# Separation Problems



## Noxiousted (Aug 4, 2018)

I've been having problems with JD for a while now. He runs away from me when I try to get him out of the cage and goes to the nearest corner when I feed or give them both water. Mercedes doesn't he just sits there and watches or hops up on my hand. I thought this would get better as he would see that Mercedes doesn't care. But he still is backing away and not being sociable around me. Though the weirdest part is whenever they are moving around and he wants back in the cage he runs right up to my hand. 

The biggest problem is that I can't separate them. They follow each other EVERYWHERE. Whenever I take JD out and try to be alone with him Mercedes will fly around and try to find him. If I close the door they will scream to each other and try to find each other. I'm at a loss of what to do. I know if I don't get JD alone and try to spend time with him he won't ever learn. He has opened up more though which I'm glad. He is chattering and squawking and running around a lot more. He used to just sit there and have Mercedes chatter in his face all the time and do nothing.


----------



## Blingy (Feb 26, 2018)

In my opinion you should never force a bird to come out of its cage, or take it out against its will. It’s best to just leave the cage door open (only when you’re there to supervise), and let JD come out if and when he’s ready. It sounds like he feels very safe in his cage, which is why he happily hops onto your hand when he’s out. He knows you’re going to likely be taking him back to his cage, which by the sound of it, is where he wants to be. Apart from opening the cage door to encourage him to come out, I’d also keep interacting with Mercedes as JD will likely follow Mercedes lead, see you’re safe and fun and start to want to interact with you. I’d also spend time with JD inside his cage, talking to him, feeding him etc. so he can see you’re safe and bring good things. 


Sent from my iPhone using Tapatalk


----------



## Noxiousted (Aug 4, 2018)

Blingy said:


> In my opinion you should never force a bird to come out of its cage, or take it out against its will. It's best to just leave the cage door open (only when you're there to supervise), and let JD come out if and when he's ready. It sounds like he feels very safe in his cage, which is why he happily hops onto your hand when he's out. He knows you're going to likely be taking him back to his cage, which by the sound of it, is where he wants to be. Apart from opening the cage door to encourage him to come out, I'd also keep interacting with Mercedes as JD will likely follow Mercedes lead, see you're safe and fun and start to want to interact with you.
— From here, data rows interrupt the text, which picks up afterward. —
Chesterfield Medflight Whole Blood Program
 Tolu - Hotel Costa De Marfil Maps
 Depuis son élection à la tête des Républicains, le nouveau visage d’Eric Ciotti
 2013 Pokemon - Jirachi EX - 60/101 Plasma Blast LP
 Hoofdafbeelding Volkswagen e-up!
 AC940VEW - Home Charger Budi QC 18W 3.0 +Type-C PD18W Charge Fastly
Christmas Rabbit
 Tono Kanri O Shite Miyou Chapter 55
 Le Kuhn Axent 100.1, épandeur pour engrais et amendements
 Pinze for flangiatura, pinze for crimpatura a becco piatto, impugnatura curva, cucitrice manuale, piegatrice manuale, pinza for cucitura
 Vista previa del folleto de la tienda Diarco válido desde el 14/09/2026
I'd also spend time with JD inside his cage, talking to him, feeding him etc. so he can see you're safe and bring good things.
> 
> Sent from my iPhone using Tapatalk


He already comes out on his own. They both play on the floor together. I only take them out forcefully when I have to clean to cage. Normally I'll take out Mercedes and then he will be willing to come. It's just upsetting that he moves away when I feed them or come to get Mercedes. But I'll work on it.


----------